Oude Testament

Nieuwe Testament

Johannes 11:29-40 NBG-vertaling 1951 (NBG51)

29. En toen zij dat hoorde, stond zij ijlings op en ging tot Hem;

30. Jezus echter was nog niet in het dorp gekomen, maar bevond Zich nog op de plaats, waar Marta Hem ontmoet had.

31. De Joden dan, die met haar in het huis waren en haar troostten, zagen Maria ijlings opstaan en naar buiten gaan en zij volgden haar, vermoedende, dat zij naar het graf ging om daar te wenen.
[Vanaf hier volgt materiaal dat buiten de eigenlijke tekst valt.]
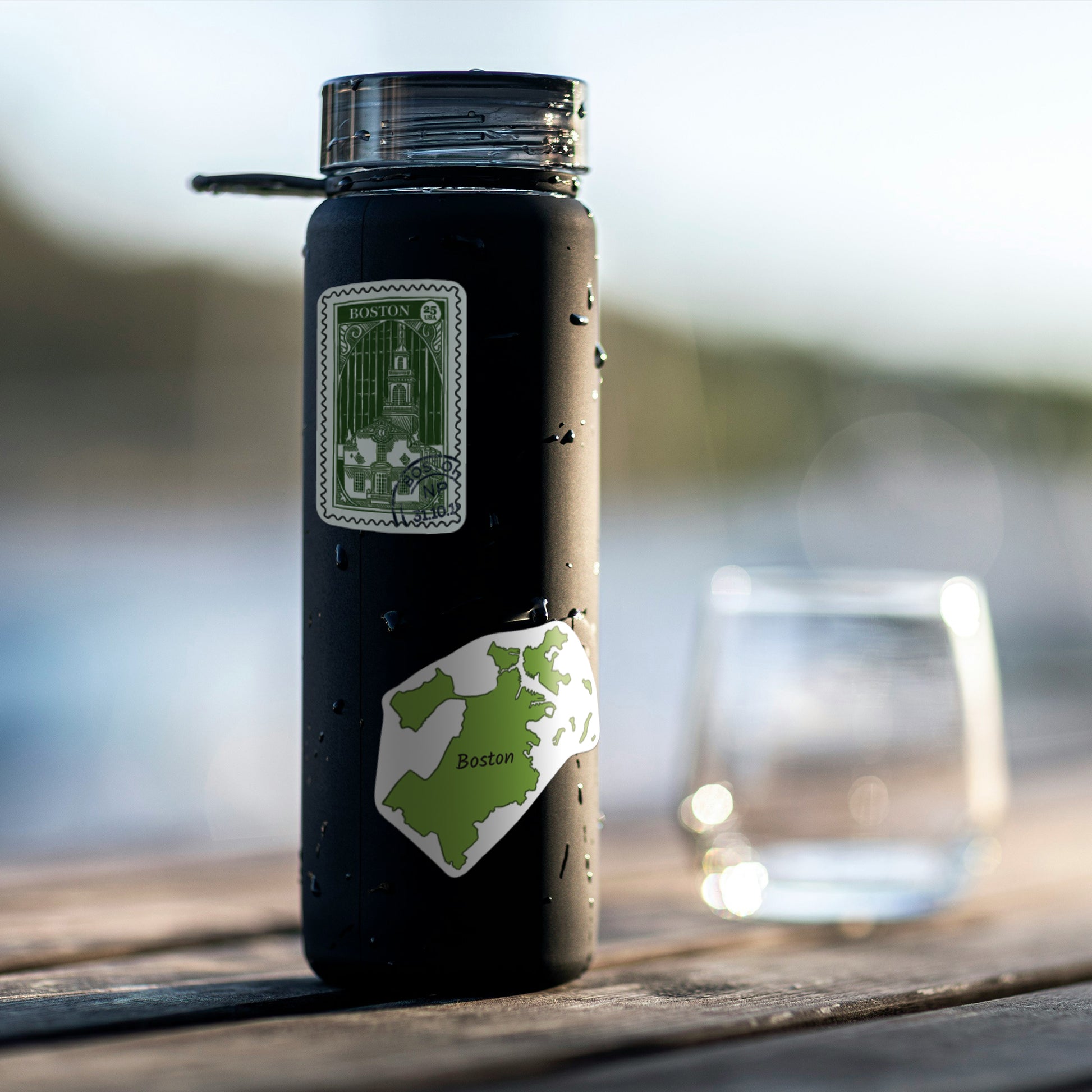 A Boston stamp sticker and a green state map sticker on a black water bottle beaded with water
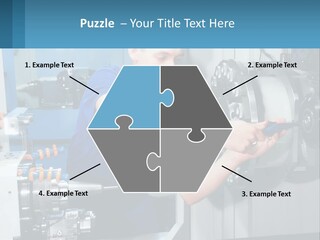 A Man Working On A Machine In A Factory PowerPoint Template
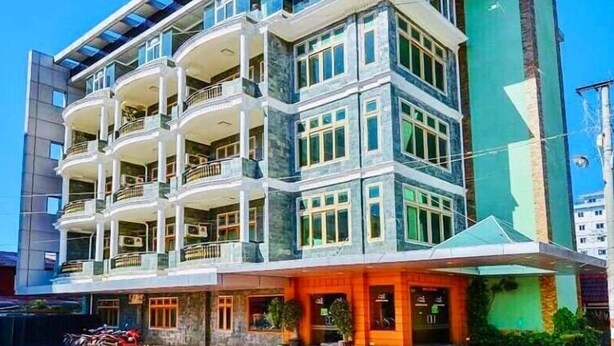 A multi-story hotel with balconies, large windows, and a modern architectural design. - Shwe Kyun Hotel (Taunggyi)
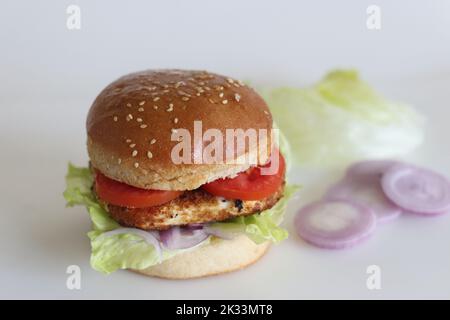 Hamburger au fromage maison. Paneer ou fromage cottage viandes, tomates, oignons et laitue placés dans des petits pains à hamburger faits maison. Prise de vue sur fond blanc Banque D'Images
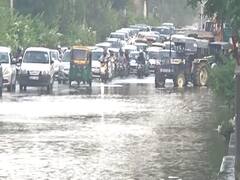 Delhi: Slow traffic due to water-logging created by rain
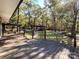 Deck overlooking backyard with firepit and wooded area at 3018 Castlebrook Dr, Monroe, NC 28112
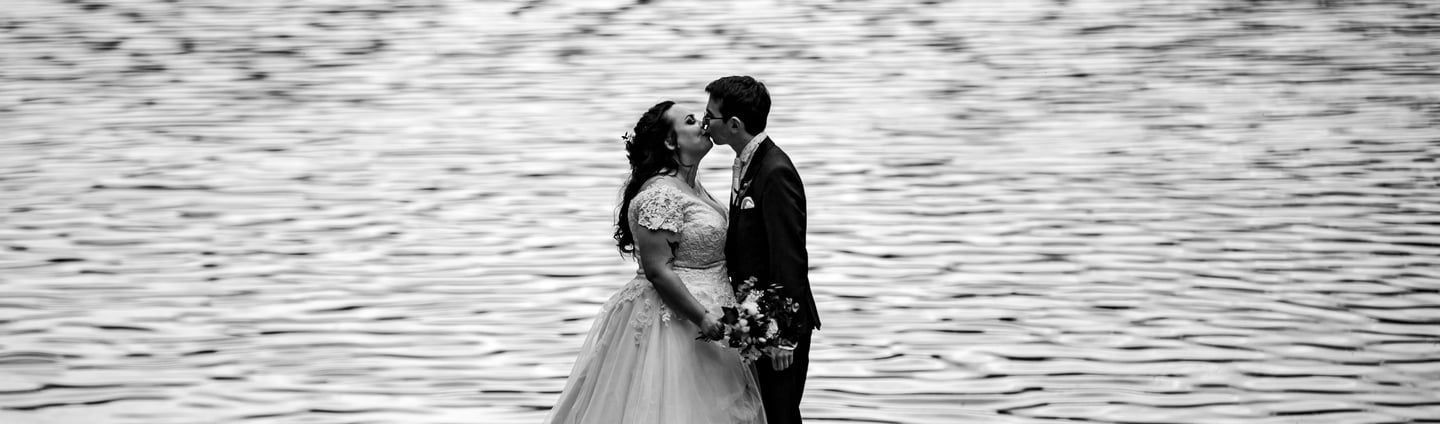 a bride and groom kissing in front of a lake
32. Toen Maria dan kwam, waar Jezus was en Hem zag, viel zij Hem te voet en zeide tot Hem: Here, indien Gij hier geweest waart, zou mijn broeder niet gestorven zijn.

33. Toen Jezus haar dan zag wenen en ook de Joden, die met haar medegekomen waren, zag wenen, werd Hij verbolgen in de geest en diep ontroerd,

34. en Hij zeide: Waar hebt gij hem gelegd? Zij zeiden tot Hem: Here, kom en zie.

35. Jezus weende.

36. De Joden dan zeiden: Zie, hoe lief Hij hem had!
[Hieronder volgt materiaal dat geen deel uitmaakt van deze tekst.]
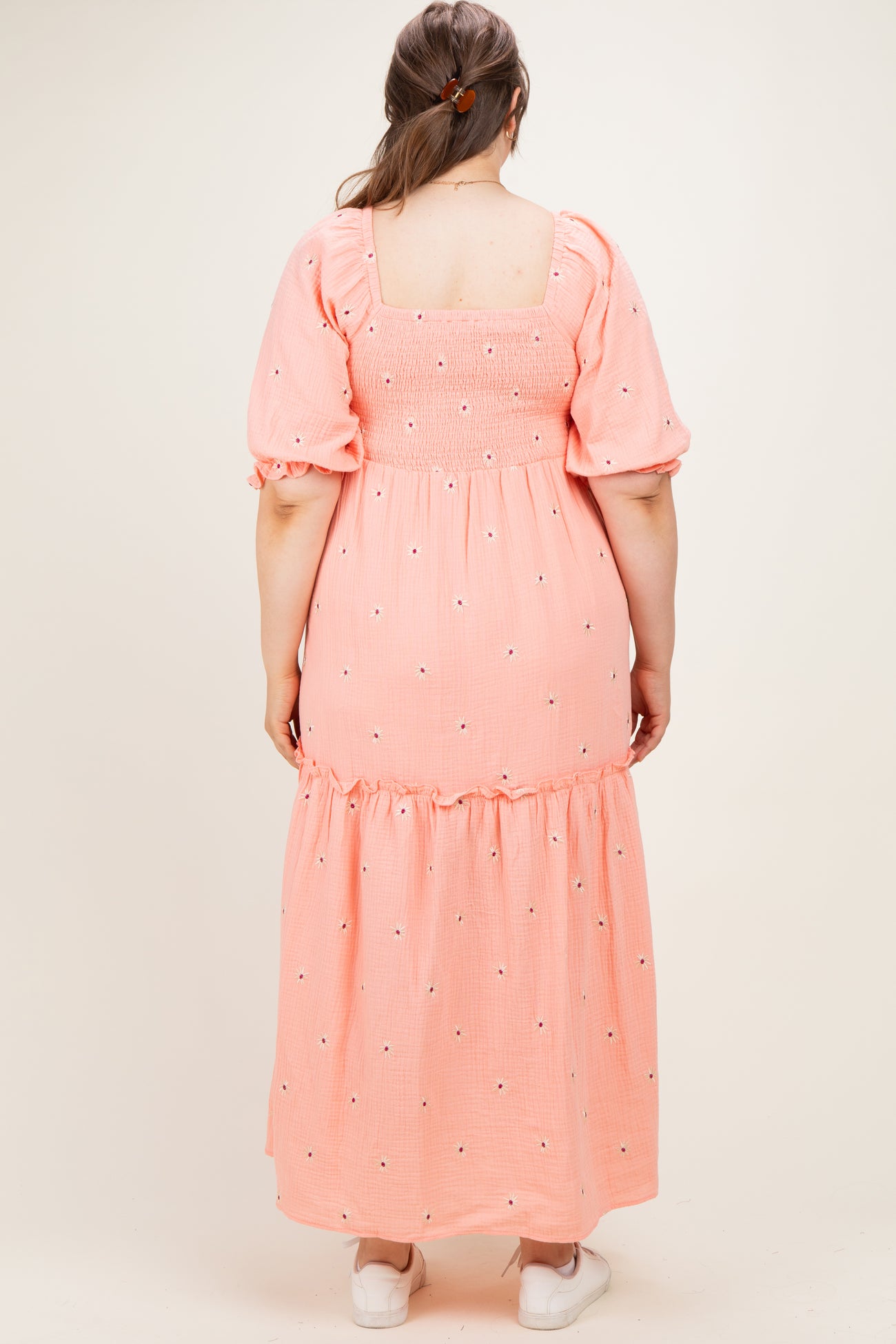woman wearing a pink maternity plus maxi dress with puff sleeves and floral embroidery on the back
37. Maar sommigen van hen zeiden: Had Hij, die de ogen van de blinde heeft geopend, niet kunnen maken, dat ook deze niet stierf?
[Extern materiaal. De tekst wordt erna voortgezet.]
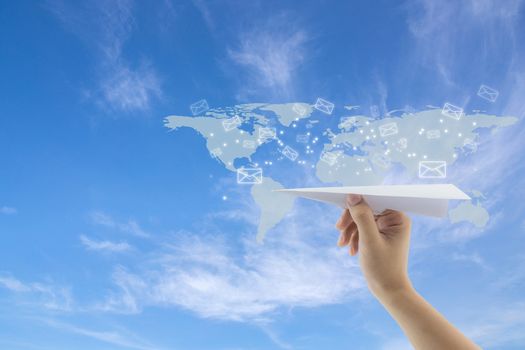 hand with paper plane against blue sky with sending message with email on world map, network communication concept.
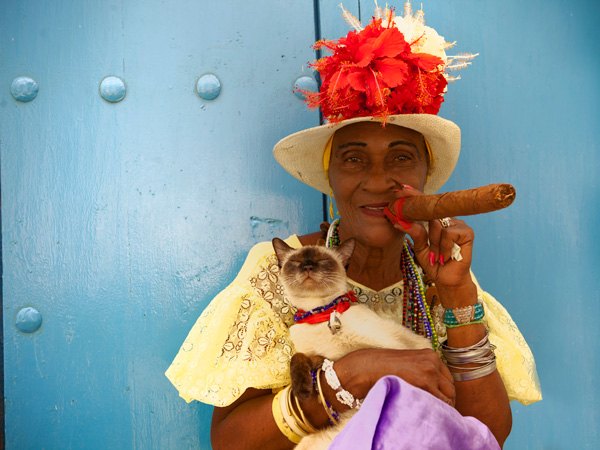 a Cuban woman smoking a large cigar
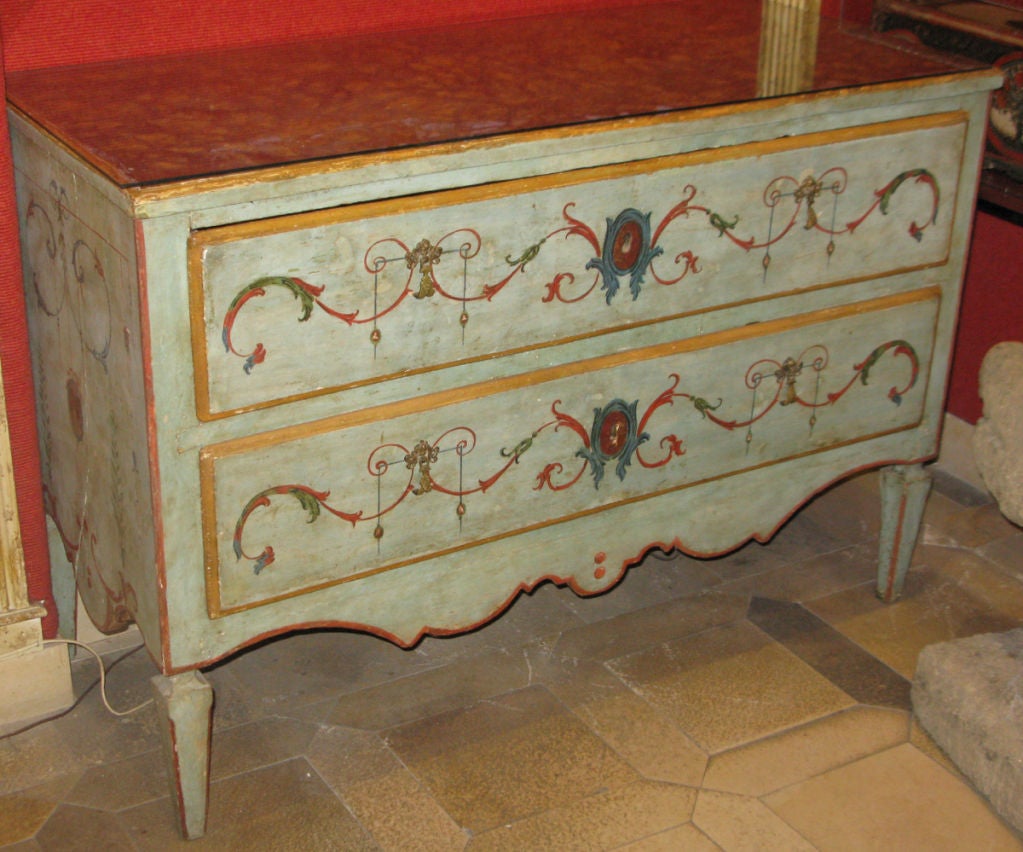 A pale blue painted two-drawer commode with polychrome painted neoclassical motif; the top with faux marble blue and yellow paint; with bronze putti and arrow decorated pulls. The shaped apron with red painted trim.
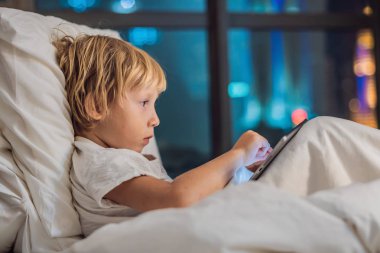 Çocuk tablet yatağında gitmeden önce bir gece şehir bir arka plan üzerinde uyku için kullanır. Çocuk ve teknoloji kavramları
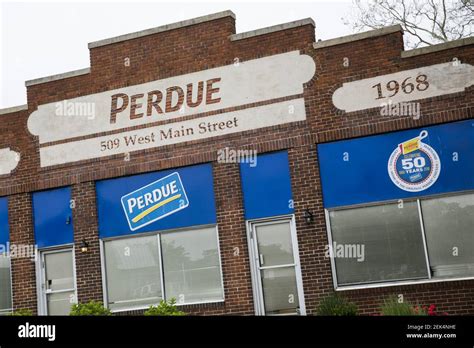 A logo sign outside of a Perdue Farms poultry processing plant in ...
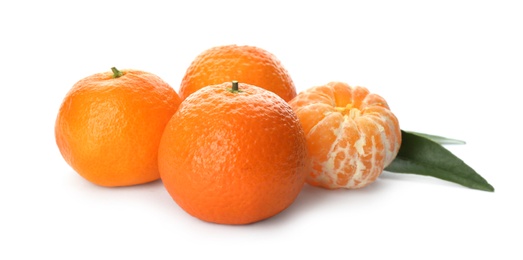 Fresh ripe tangerines with green leaves on white background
38. Jezus dan, wederom bij Zichzelf verbolgen, ging naar het graf; dit nu was een spelonk en er lag een steen tegenaan.

39. Jezus zeide: Neemt de steen weg! Marta, de zuster van de gestorvene, zeide tot Hem: Here, er is reeds een lijklucht, want het is al de vierde dag.

40. Jezus zeide tot haar: Heb Ik u niet gezegd, dat gij, indien gij gelooft, de heerlijkheid Gods zien zult?